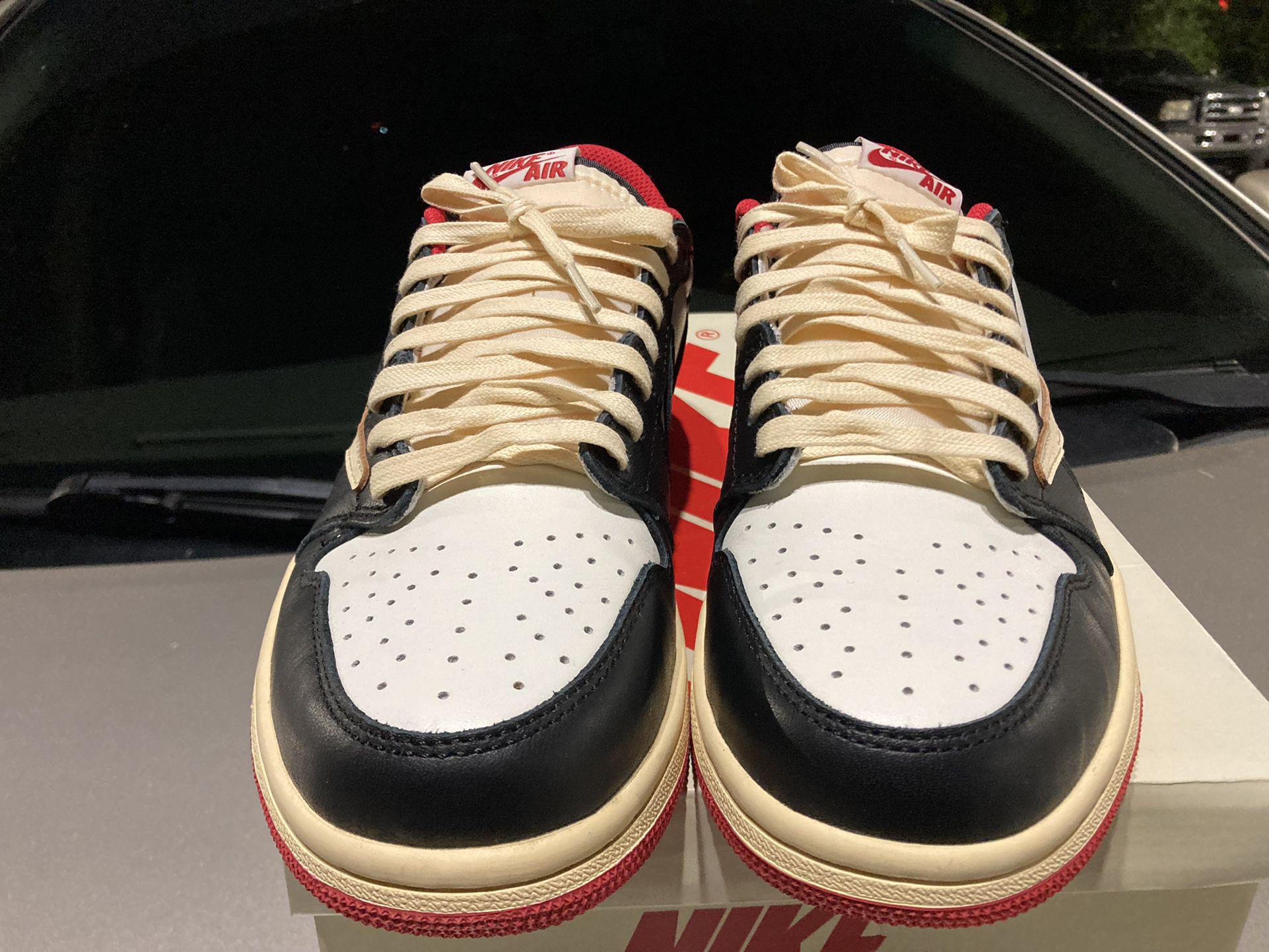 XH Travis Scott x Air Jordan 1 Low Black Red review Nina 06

==

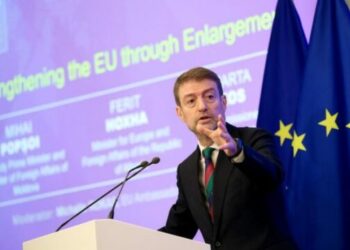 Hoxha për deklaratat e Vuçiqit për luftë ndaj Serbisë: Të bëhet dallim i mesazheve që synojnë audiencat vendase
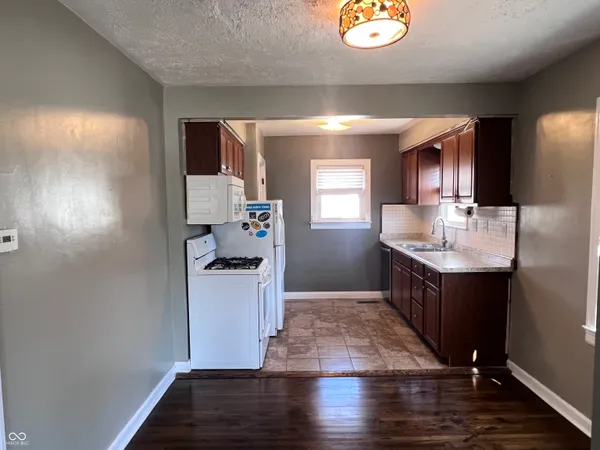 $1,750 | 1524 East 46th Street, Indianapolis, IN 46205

---

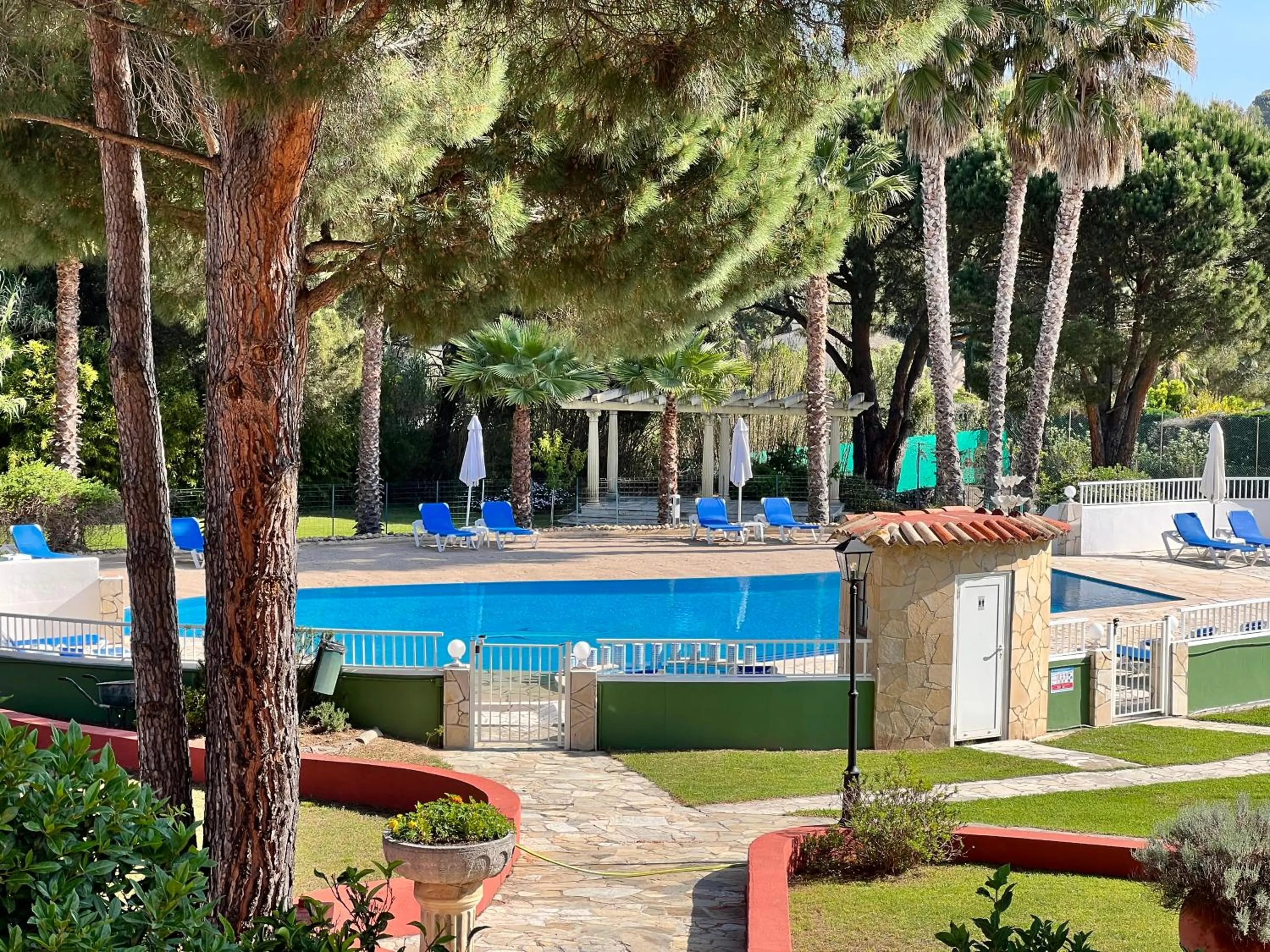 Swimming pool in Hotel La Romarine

*WHAT YOU NEED TO DO:*
Your output should be the lines above from the one that contains "Hoxha për deklaratat" through the one that contains "Indianapolis, IN 46205", word for word, with pictures left out.

*ANSWER SPACE:*
 Hoxha për deklaratat e Vuçiqit për luftë ndaj Serbisë: Të bëhet dallim i mesazheve që synojnë audiencat vendase
 $1,750 | 1524 East 46th Street, Indianapolis, IN 46205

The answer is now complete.